Be sure to pay a visit to the National Bonsai and Penjing Collection, which features living artworks and miniature forests created by some of Australia’s greatest bonsai and penjing artists. Free tours of the different collections are available (guided or self-guided), and you can also enjoy the outdoor sculptures and barbecue areas boasting great views over Canberra.
Uncover our history at the Australian War Memorial
The Australian War Memorial is a fascinating combination of shrine, museum and archive – and visitors to the capital consistently rate it as one of the top attractions to see.
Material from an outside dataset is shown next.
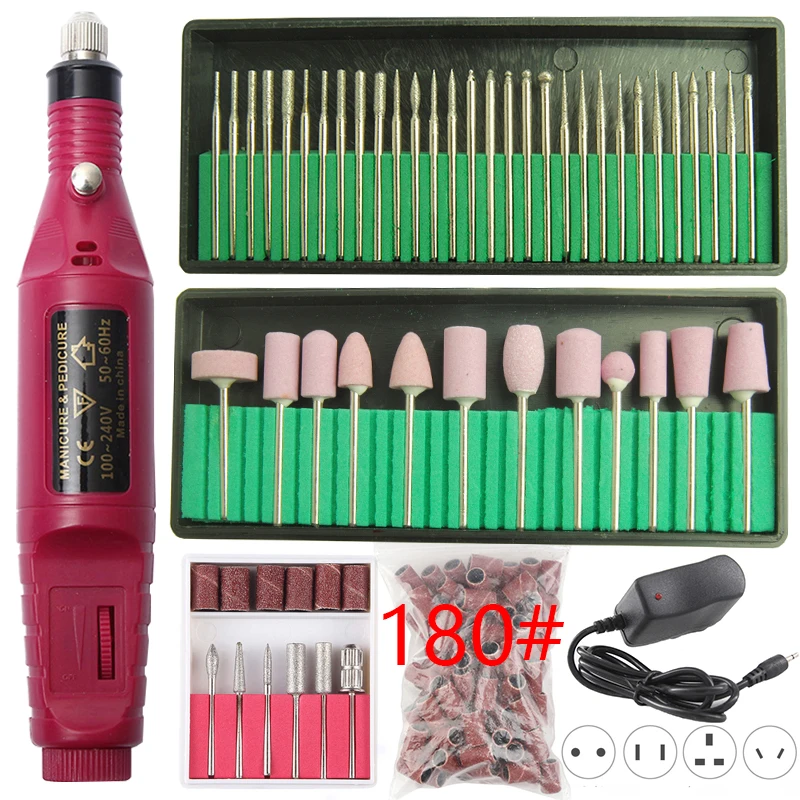 red set 3 Профессиональный электрический сверлильный станок для ногтей, набор для маникюра и педикюра, набор для удаления геля, сильные инструменты для сверления ногтей, полировочные шлифовальные ленты - Цвет: red set 3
The memorial explores the individual and public histories of conflicts that Australia has been involved in, including World Wars I and II, the Vietnam War, the Korean War and several others. The silent, solemn heart of the memorial is the Hall of Memory, where you can stand by the Tomb of the Unknown Soldier. Visitors must walk past the names of 102,000 people who have given their lives in service of the country to get there, making it a poignant experience. Be sure to stay until 4.55 pm, when the daily Last Post Ceremony is performed.
Look deep into someone’s eyes at the National Portrait Gallery
Lock eyes with some of the nation’s most interesting artists, musicians, entertainers, sports people and politicians at the National Portrait Gallery. More than 400 famous faces can be found here, including Nick Cave, Ned Kelly, Geoffrey Gurrumul Yunupingu, Quentin Bryce, Cathy Freeman, Patrick Dodson, Tracey Moffatt, Jack Charles and many more. Interesting biographical notes accompanying the portraits add insight to the story of Australian history, creativity and culture, in all its diversity.
There are also many examples of portraits using new media in the gallery, such as Warwick Thornton’s portrait of Paul Kelly and David Rosetzky’s video depiction of Cate Blanchett. To walk through the gallery provides a good reminder of the flexibility of the genre, and gives visitors the opportunity to connect with the lives of others, and reflect on their own lives.